Awhile back, I wrote the following post:

Not much to say tonight…except this:

Claim grace.

It’s extended to all of us, but we don’t always take it.

We have to punish ourselves first. Make sure we earn that forgiveness.

But then…we’re trapped.

You know what keeps Christians from being effective? Refusing forgiveness. Bowing our heads to the ground. Crawling, scraping, trying earn our way back to the Father. (As if we need to!)

And while we do that, we are utterly and completely focused on ourselves. No good to anyone else.

So yeah, you did that thing. Whatever it was.

Ask forgiveness, get over yourself, and start being useful again. Get back out there.

That’s all.

After writing this and reading back over it, I had a thought.

Christians are often perceived as graceless, and more concerned with finding fault than extending love.

Why is that?

It’s discordant with the Bible. Jesus summed up the two greatest commandments when he said that we were to love God with everything we have and to love our neighbor as ourselves.

But what if we don’t actually believe that God loves us?

Maybe most of us don’t, not in our heart of hearts. At the very least, we have significant trouble accepting it. I know that I do, because I daily prosecute myself for my thoughts and actions.
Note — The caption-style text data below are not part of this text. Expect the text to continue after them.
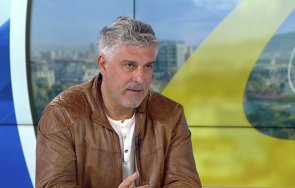 росен йорданов стана модерно хулиган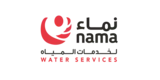 Nama Water Services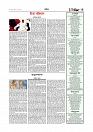 Adhikaran 07.08.2026_page-0005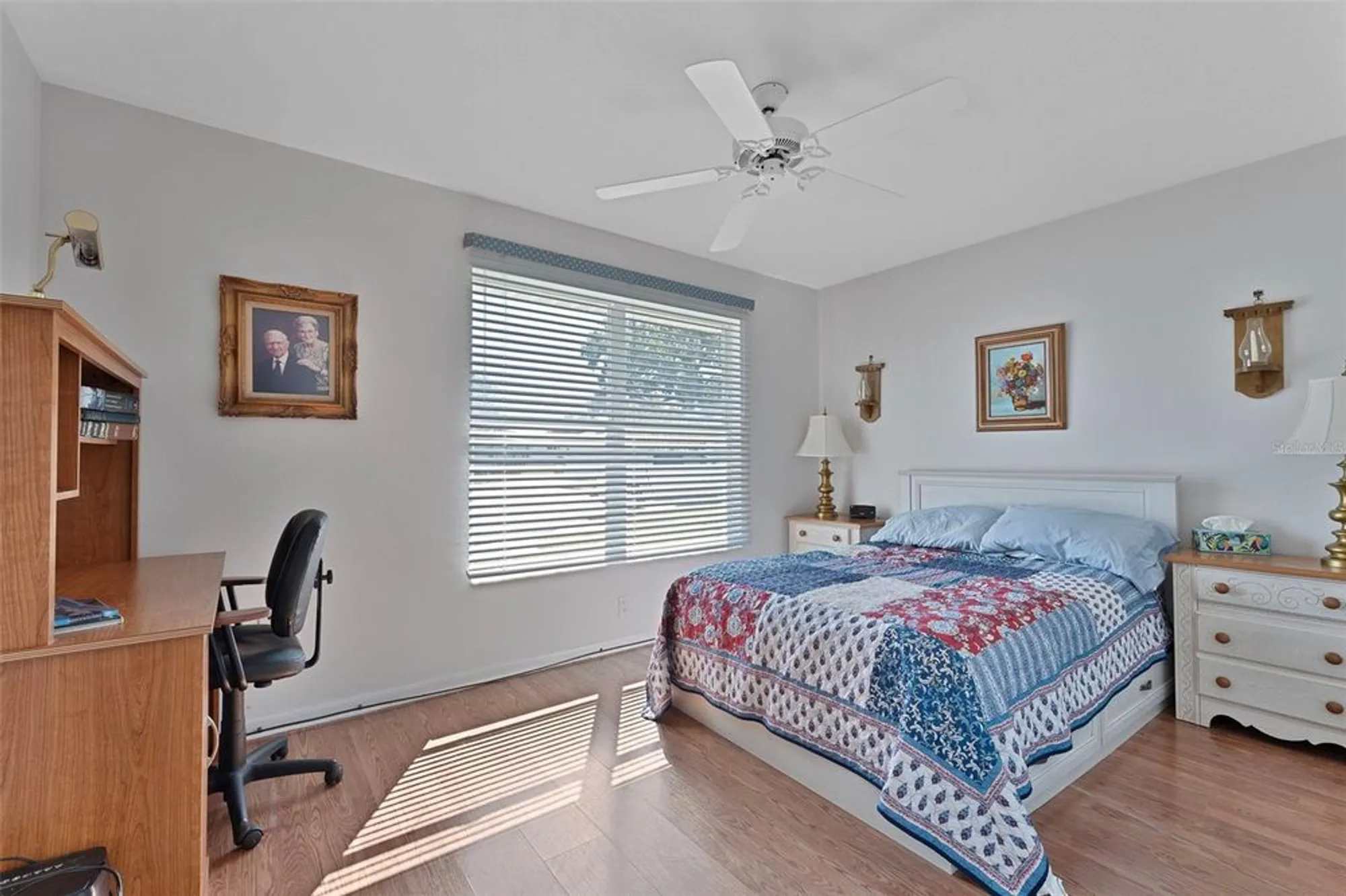 Property Slideshow image 12 of 24 | 2259 grand cypress dr, Lakeland, FL, 33810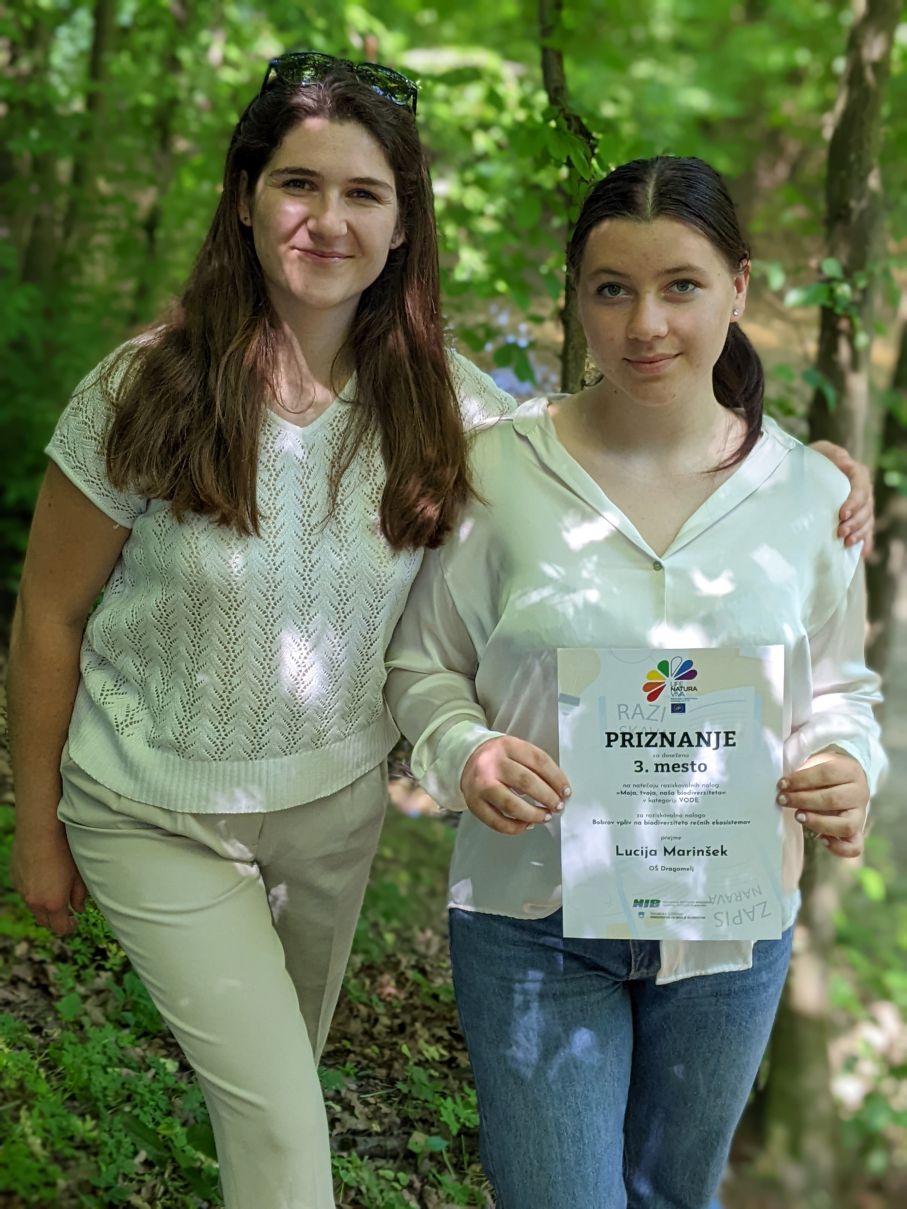 PXL_20220518_123415937.PORTRAIT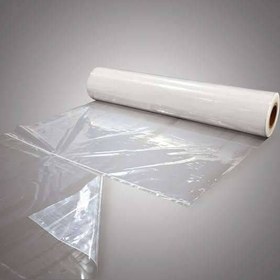 تصویر کیسه فریزر رولی نیم کیلویی باران 505152 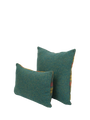 Harris Tweed Two Tone Cushion A0194/297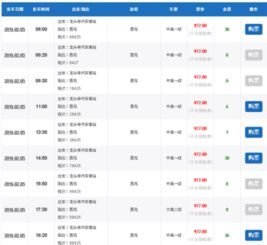 重庆大学城汽车票价多少(重庆大学城汽车票价详解) 重庆大学城汽车票价多少(重庆大学城汽车票价详解)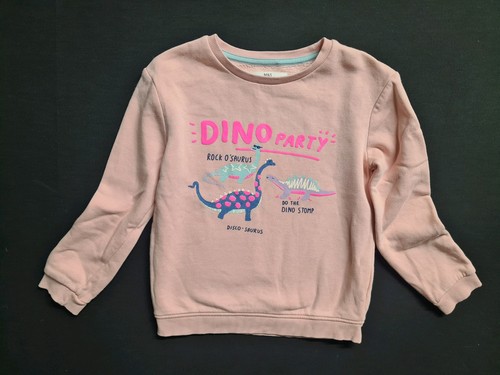 Girl pink dinosaur - pink,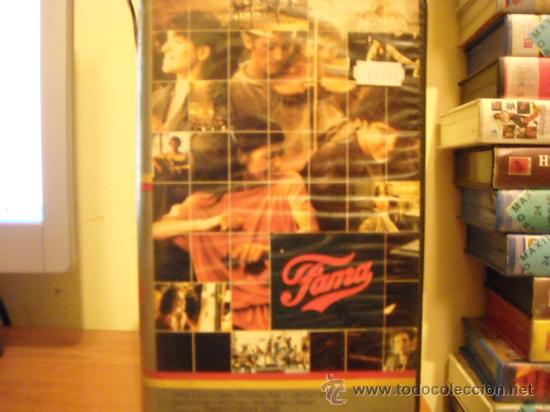 Cine: fama / beta - Foto 1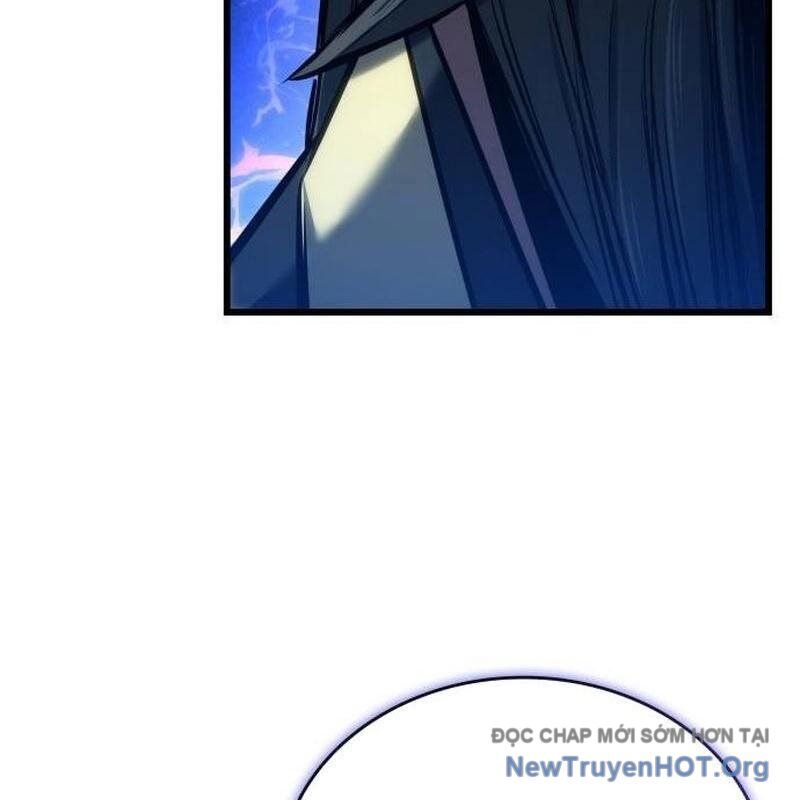 Chiêu Hồn Giả Siêu Phàm Chap 144 - Next Chap 145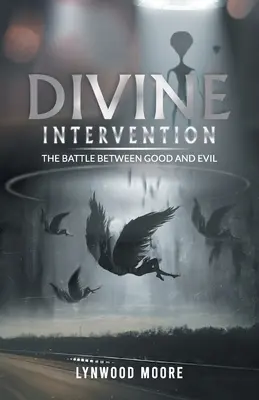 Intervento divino: La battaglia tra il bene e il male - Divine Intervention: The Battle Between Good And Evil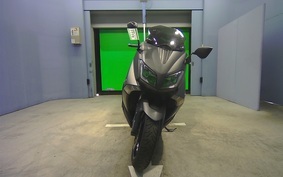 YAMAHA T-MAX 530 2015 SJ12J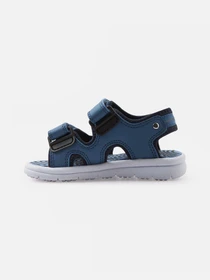 Сандалии REIMA BUNGEE модель 5400089A-67A0 Фото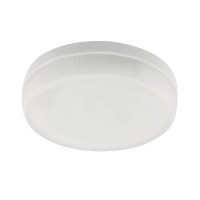 Лампочка светодиодная LED 929044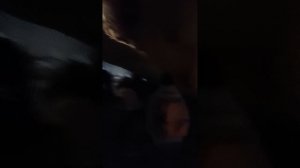 Пещера Эмине-Баир-Хосар 2 часть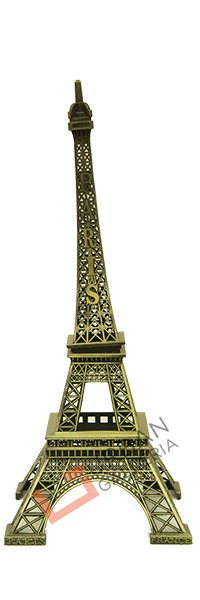 Eiffel-Tower-Decorative-Figurine
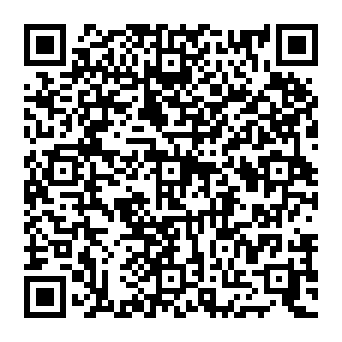 QR 5e3e628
But there’s a bad, bad consequence to this kind of thinking:

If we are consumed with finding fault in ourselves and refusing to accept grace until we have sufficiently done whatever penance seems right to us (self loathing, mental flogging, etc.), we are going to project that mindset onto others.

If we prosecute ourselves, then yes, we will prosecute others.

However, those who accept grace are far more likely to extend it. Learning to love others begins with accepting love from God.

So accept it.

I hope you all have a fantastic week.